Monitors vs. Rules and how they Affect Alert Management

I’m going to do a back to the basics article here, and it’s not because things haven’t been written on the subject of monitors, rules, and SCOM, but because I don’t think they have been flushed out well, and to non-seasoned SCOM engineers, they are not exactly intuitive. As such, I wanted to walk down these two mechanisms that SCOM uses to monitor your environment and how they affect your alert management process, as there are some significant differences between the two that SCOM users need to be aware of (note this is users, the guys who close/acknowledge alerts, not just the engineers dedicated to SCOM). I would note that alert management can be a difficult thing to do.  It’s the hardest part of managing SCOM due to noise, internal politics, management issues and a whole host of other things.  I’d note that a colleague of mine has put together a nice chart on the subject.  There is not one right way to do alert management, but there are a lot of wrong ways.  Today, I’d like to discuss some things that can cause problems with alert management, namely monitors and rules.

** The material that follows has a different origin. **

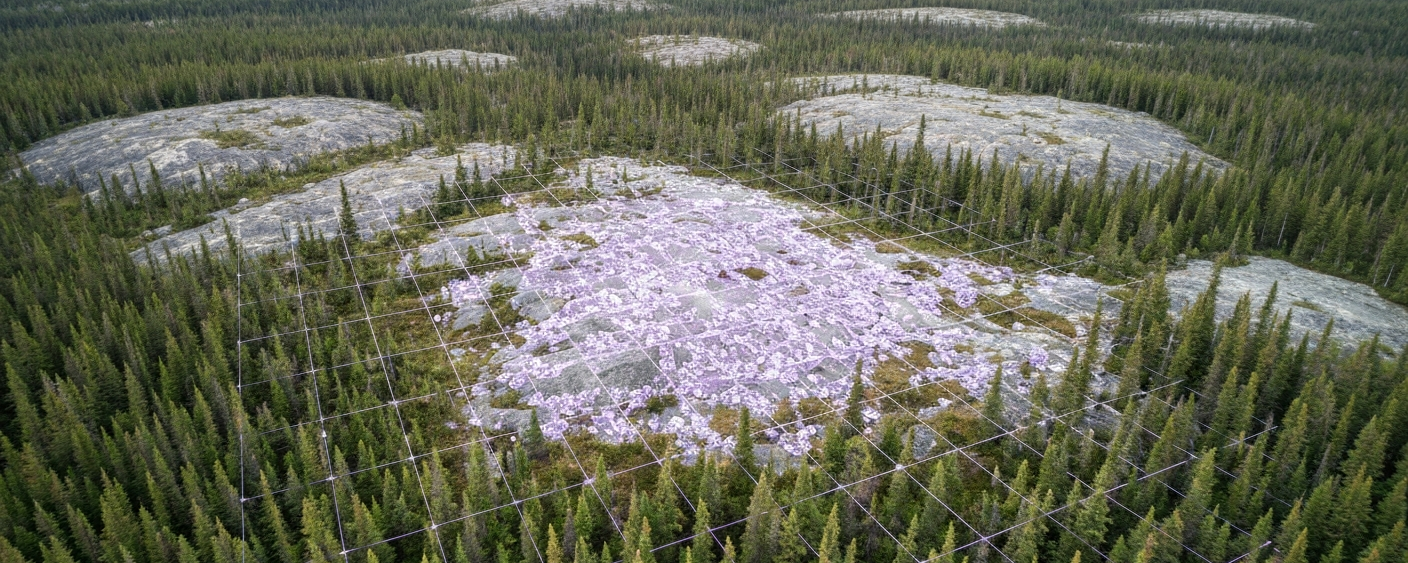 Luftbild eines Ontario-Waldgebiets mit digitaler geophysikalischer Rasterkarte in kühlen Grün- und Lilatönen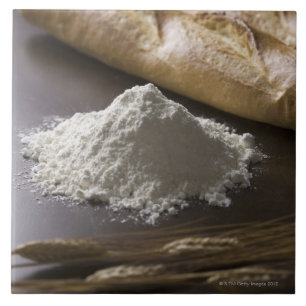 Flour, wheat and bread ceramic tile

So first, let’s start with the basics.  SCOM has 4 main data types that get stored in the DataWarehouse: event, state, performance, and alert data.  Of these four types, rules are responsible for collecting event and performance data.  These are not alert generating, just mechanisms to collect and store data for the purpose of reporting. You want to know the processor utilization of server X over the last 3 months? It’s a rule that collects this and tosses it in the DW.  The same goes with certain event collection rules. Their purpose in this scenario is solely to collect.

State data, however, is a different animal. This is the health of the objects monitored in SCOM. You view this data in the OperationsManager Database through Health Explorer.  Of note, only monitors can change state, so when you view Health Explorer, you will only see monitors in a red or yellow state (or all states if you unscope it), but you will never see alerts generated by a rule.  This is why on occasion you’ll open health explorer off of an alert only to see a completely healthy object underneath it.  This is because a rule generated the alert (note that on occasion a management pack designer will create both a monitor and a rule with the same name…. yeah… just to confuse you).  I’ll get to more about this in a minute.

That brings us to alerts, as both monitors and rules generate alerts.  Because of this, you need to view alerts as simply alerts and recognize that SCOM has two alert generating mechanisms, both of which behave a bit differently. Both can generate alerts.  Though neither monitors nor rules are required to (note that monitors almost always do generate alerts, but this is not necessarily a given).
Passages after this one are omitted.